What you should do =>
Within the entries below, the lines from the one with "new 2025 GMC" through the one with "Inspiration for a" are to be set down exactly, both ends kept.

--- Data to process ---

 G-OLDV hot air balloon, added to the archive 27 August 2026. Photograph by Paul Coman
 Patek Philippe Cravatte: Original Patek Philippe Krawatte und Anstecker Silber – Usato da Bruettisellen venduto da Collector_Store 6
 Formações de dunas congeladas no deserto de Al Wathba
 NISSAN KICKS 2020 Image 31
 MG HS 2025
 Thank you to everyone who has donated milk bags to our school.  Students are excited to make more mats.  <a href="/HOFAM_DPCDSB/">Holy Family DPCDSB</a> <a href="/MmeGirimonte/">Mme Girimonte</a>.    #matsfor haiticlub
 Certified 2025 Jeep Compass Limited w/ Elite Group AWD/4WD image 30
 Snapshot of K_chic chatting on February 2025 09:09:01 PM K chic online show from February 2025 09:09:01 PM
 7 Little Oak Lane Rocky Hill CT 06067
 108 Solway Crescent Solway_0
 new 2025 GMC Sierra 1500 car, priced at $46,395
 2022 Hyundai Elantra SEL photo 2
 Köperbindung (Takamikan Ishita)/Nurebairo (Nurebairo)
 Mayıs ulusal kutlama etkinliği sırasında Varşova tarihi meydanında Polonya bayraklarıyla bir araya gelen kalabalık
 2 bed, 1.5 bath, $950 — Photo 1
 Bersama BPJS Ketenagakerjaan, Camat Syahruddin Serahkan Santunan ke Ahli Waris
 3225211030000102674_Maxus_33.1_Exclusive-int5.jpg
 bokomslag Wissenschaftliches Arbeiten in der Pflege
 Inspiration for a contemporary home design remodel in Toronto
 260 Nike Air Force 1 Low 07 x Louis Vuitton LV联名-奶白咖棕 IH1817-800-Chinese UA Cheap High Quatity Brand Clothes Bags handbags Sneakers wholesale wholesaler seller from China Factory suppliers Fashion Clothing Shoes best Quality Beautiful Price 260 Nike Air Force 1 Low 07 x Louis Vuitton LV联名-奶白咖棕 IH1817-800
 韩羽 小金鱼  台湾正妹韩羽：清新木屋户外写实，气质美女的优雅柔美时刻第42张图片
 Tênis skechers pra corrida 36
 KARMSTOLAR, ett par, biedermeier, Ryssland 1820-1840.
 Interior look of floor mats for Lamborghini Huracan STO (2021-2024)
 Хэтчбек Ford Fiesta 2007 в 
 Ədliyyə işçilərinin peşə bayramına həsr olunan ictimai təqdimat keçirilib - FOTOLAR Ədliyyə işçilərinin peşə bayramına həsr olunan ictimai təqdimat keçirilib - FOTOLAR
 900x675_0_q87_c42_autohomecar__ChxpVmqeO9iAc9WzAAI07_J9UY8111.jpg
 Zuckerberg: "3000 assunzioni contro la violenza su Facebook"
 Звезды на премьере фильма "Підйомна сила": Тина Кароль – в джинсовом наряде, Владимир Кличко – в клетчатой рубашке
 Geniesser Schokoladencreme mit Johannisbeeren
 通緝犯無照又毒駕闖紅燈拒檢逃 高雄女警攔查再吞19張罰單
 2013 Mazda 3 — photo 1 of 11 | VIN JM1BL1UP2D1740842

---

Result for this exercise =>
 new 2025 GMC Sierra 1500 car, priced at $46,395
 2022 Hyundai Elantra SEL photo 2
 Köperbindung (Takamikan Ishita)/Nurebairo (Nurebairo)
 Mayıs ulusal kutlama etkinliği sırasında Varşova tarihi meydanında Polonya bayraklarıyla bir araya gelen kalabalık
 2 bed, 1.5 bath, $950 — Photo 1
 Bersama BPJS Ketenagakerjaan, Camat Syahruddin Serahkan Santunan ke Ahli Waris
 3225211030000102674_Maxus_33.1_Exclusive-int5.jpg
 bokomslag Wissenschaftliches Arbeiten in der Pflege
 Inspiration for a contemporary home design remodel in Toronto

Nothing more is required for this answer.